I only went to that garage once, and I remember seeing him trying to cover up stains from working under cars in his black jumpsuit. He never intended for us to see him that way. Additionally, I was struck by his appearance. I had a target to help him with. Furthermore, through hockey I’ve figured out how to do that.

Navjot is now a key member of the Indian senior team’s midfield.
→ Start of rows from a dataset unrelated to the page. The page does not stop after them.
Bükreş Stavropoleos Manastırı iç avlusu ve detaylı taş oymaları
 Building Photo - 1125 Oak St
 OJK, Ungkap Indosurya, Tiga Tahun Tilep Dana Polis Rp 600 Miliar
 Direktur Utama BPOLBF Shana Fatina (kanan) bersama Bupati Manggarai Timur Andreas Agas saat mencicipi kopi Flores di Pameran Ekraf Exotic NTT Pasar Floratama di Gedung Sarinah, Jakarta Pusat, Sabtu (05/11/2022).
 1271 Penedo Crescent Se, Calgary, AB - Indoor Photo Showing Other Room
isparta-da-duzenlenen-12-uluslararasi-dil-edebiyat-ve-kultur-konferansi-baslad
She is a versatile midfielder who can, when her team needs her to, jump back to defend and push up to attack. She was a member of the women’s team that won bronze at the Junior Women’s World Cup in 2013, bronze at the Asian Games in 2014, and silver at the Asian Games in 2018. Prior to the historic run in Tokyo, she was a member of the Rio Olympics team. She has accomplished that over her team’s more than 200 international caps, scoring 18 goals in the process.

I was an extremely languid kid and I used to cry constantly. Pakka roondu, she exclaimed with a grin as she reflected on her early years. I would start to cry when someone touched me. My mother would be annoyed by it. Funny thing is that I ended up playing hockey and would cry at any moment.

It was her folks who drove her into the game, for the most part since her dad had the expectation of ensuring one of the kids sought after a lifelong in sport. Navjot, the oldest child, was the first to attend a nearby academy.

She shared how, whenever she does manage to return home, her mother always brings up the irony.She would get emotional and keep reminding me that I was such a crybaby and that she had no idea I would get this far in hockey. She went on to
But frequently nervous. She recalled hearing stories about how her parents couldn’t watch the Olympics matches because they were too nervous.Navjot added, They just turned off the television, started praying, and told someone to tell them what the final score was.

They might decide not to watch her play at the Nations Cup, where India will play Chile in their first match on December 11. Their daughter will once more don her favorite No. 1 jersey, which is also the one that her hero, former Australian captain Jamie Dwyer, wore.